*Data extract*:
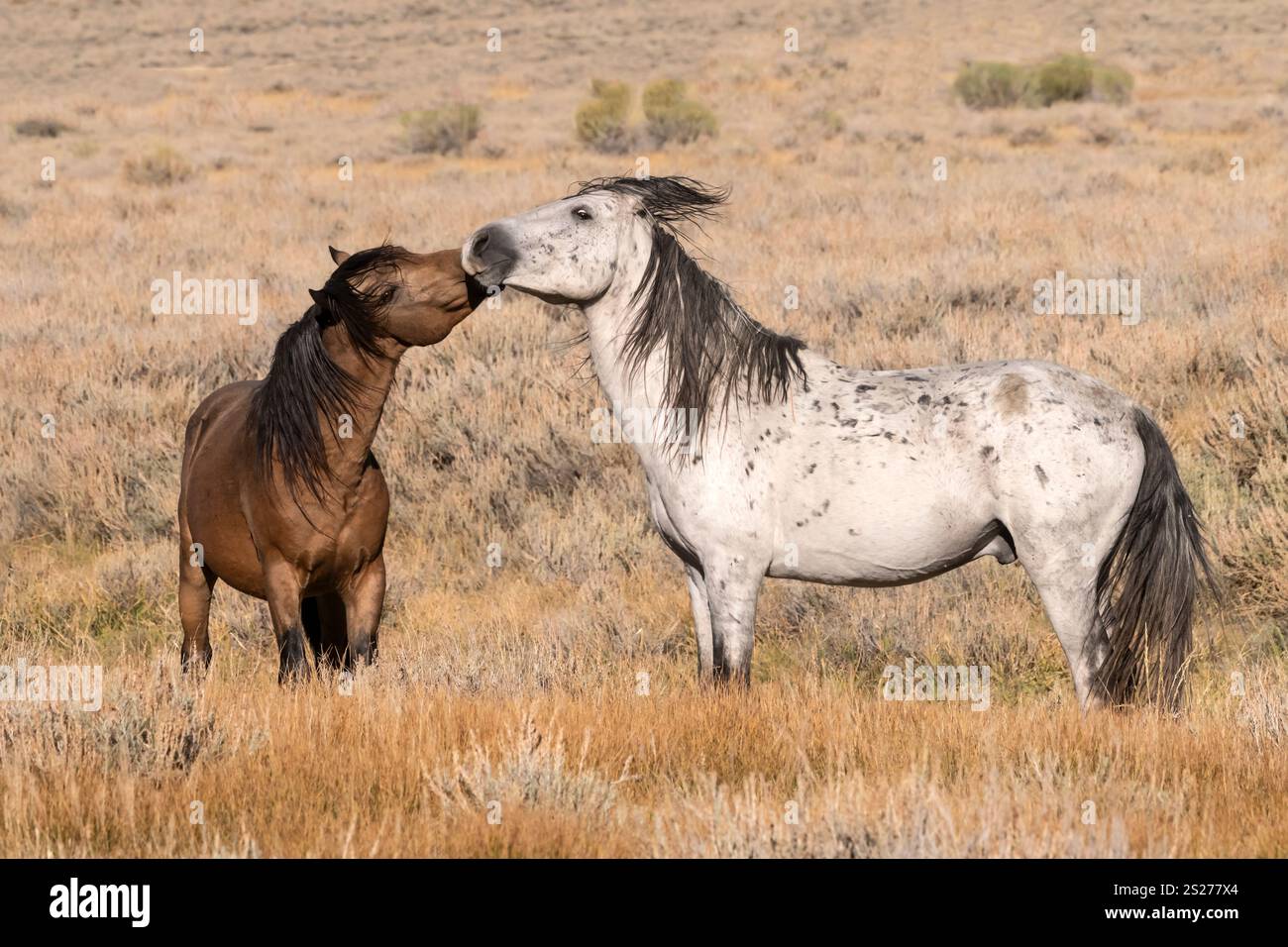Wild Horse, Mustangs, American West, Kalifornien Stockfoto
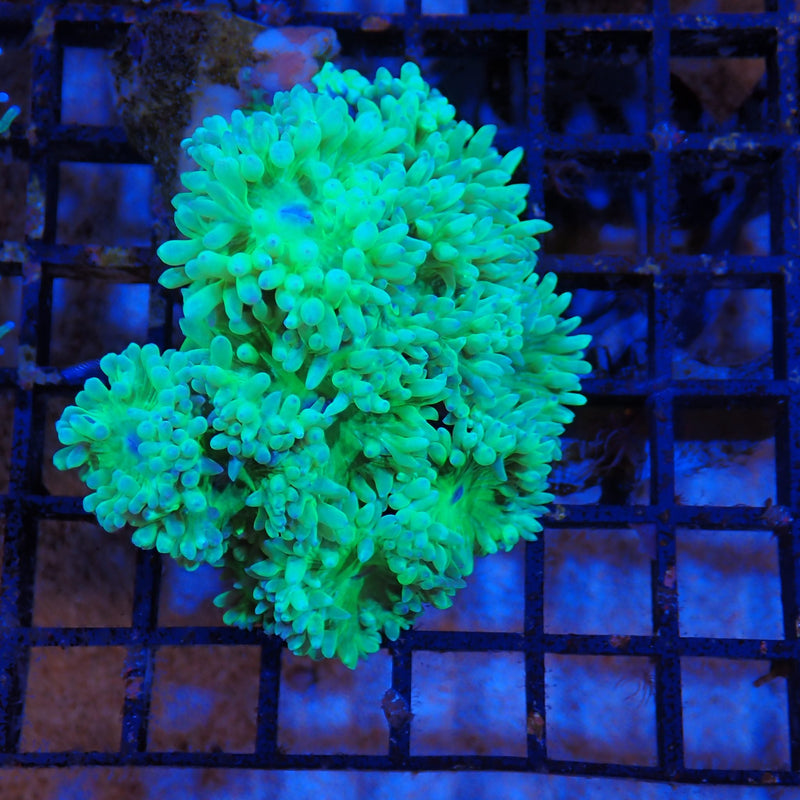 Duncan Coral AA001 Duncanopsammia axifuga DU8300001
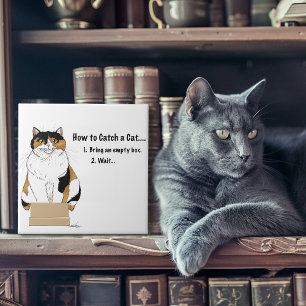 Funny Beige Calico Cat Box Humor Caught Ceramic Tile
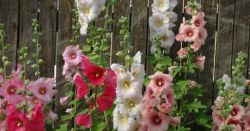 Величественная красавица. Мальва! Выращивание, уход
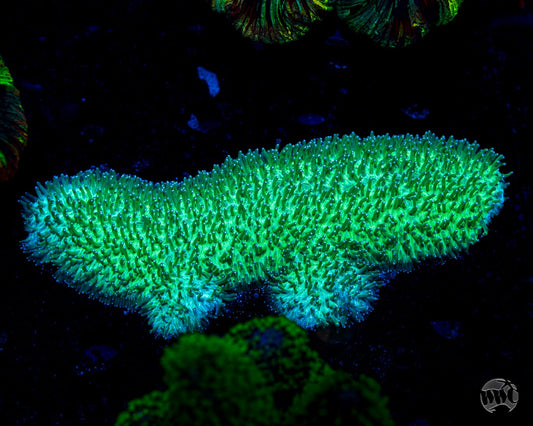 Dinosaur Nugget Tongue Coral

*Task description*: Could the listing above be transcribed exactly, with the pictures left out?

*Result of the exercise*:
Wild Horse, Mustangs, American West, Kalifornien Stockfoto
 Duncan Coral AA001 Duncanopsammia axifuga DU8300001
 Funny Beige Calico Cat Box Humor Caught Ceramic Tile
 Величественная красавица. Мальва! Выращивание, уход
 Dinosaur Nugget Tongue Coral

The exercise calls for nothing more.